One moment of elation came with the first sentence where Cheever introduces us to Falconer, the state prison in which Ezekiel Farragut, the book’s protagonist, a professor of literature, is going to be incarcerated for fratricide.

The main entrance to Falconer — the only entrance for convicts, their visitors and the staff — was crowned by an esutcheon representing Liberty, Justice and, between the two, the soverieng power of government. Liberty wore a mobcap and carried a pike. Government was the federal Eagle holding an olive branch and armed with hunting arrows. Justice was conventional; blinded, vaguely erotic in her clinging robes and armed with a headsman’s sword.

Sadly, for me the rest of the descriptions of Falconer fell rather flat.

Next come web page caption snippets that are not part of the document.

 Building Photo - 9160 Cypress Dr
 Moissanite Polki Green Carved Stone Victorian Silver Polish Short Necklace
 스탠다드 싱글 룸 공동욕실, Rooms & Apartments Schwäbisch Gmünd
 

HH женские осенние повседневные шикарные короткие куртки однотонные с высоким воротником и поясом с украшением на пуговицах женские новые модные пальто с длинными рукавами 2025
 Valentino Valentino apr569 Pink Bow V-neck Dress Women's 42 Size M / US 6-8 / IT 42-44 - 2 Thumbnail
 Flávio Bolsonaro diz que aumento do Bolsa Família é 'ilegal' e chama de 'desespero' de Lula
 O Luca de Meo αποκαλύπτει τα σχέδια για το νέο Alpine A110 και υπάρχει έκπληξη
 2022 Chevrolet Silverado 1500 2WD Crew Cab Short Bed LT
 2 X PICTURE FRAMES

Where this first sentence succeeds in being poetic and gritty, many of the other general descriptions of the prison felt simply overdone and fake. It was kind of hard to take it all seriously, and I got rather tired trying. But then, as I mentioned above, a moment of elation —

There is real strength in this novel’s depiction of symbolic prisons. Farragut has been imprisoned in a sarcastic marriage, he is imprisoned by drug addiction, he is imprisoned in a condescending family, he has been imprisoned his entire life in one construct or another. Here is an example of just how brilliant some passages are:

The accident or what they called the murder had taken place, Farragut thought, because of the fact that whenever he remembered or dreamed about his family he always saw them from the back. They were always stamping indignantly out of concert halls, theaters, sports arenas and restaurants, and he, as the youngest, was always in the rear. “If Koussevitzky thinks I’ll listen to that . . .” “That umpire is crooked.” “This play is degenerate.” “I don’t like the way that waiter looked at me.” “That clerk was impudent.” And so on. They saw almost nothing to its completion, and that’s the way he remembered them, heading, for some reason in wet raincoats, for the exit. It had occurred to him that they may have suffered terribly from claustrophobia and disguised this weakness as moral indignation.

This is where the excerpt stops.